障害者権利条約という条約をご存じだろうか。障害者差別を禁止し、健常者と同じ権利を守るため国が取り組むべきことを定めたもので、日本は2014年に締結した。条約をきちんと守っているか、国連が各国を審査することになっていて、8月にスイス・ジュネーブの国連欧州本部で、日本政府が初めてこの審査を受けた。審査に合わせ日本の障害者や家族、支援者が現地に渡航した。その数なんと約100人。他国と比べ異例の人数で、国連も驚くほどだった。

 「えくすきゅーずみー!」。慣れない英語を使いながら、会場に入る委員を一人一人呼び止める。立ち止まった委員には日本の課題について、英語で書いたチラシやポスターを読んでもらった。

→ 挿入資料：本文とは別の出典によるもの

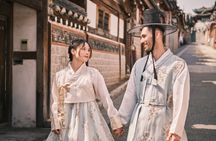 Hanbok Photoshoot and History Tour at Gyeongbokgung Palace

 耳に障害があり手話を使う人は、まず手話通訳者が日本語で発話し、それを英語の通訳が委員に伝えるという方法を取った。話を聞いた委員は何度もうなずき、最後は笑顔で握手を交わした。

「少しでも勧告に自分たちの意見を反映してほしい」。それが、約100人もの人たちがわざわざスイスまでやってきた理由だ。渡航費は所属団体の積立金で工面したり、カンパやクラウドファンディングで集めたりした。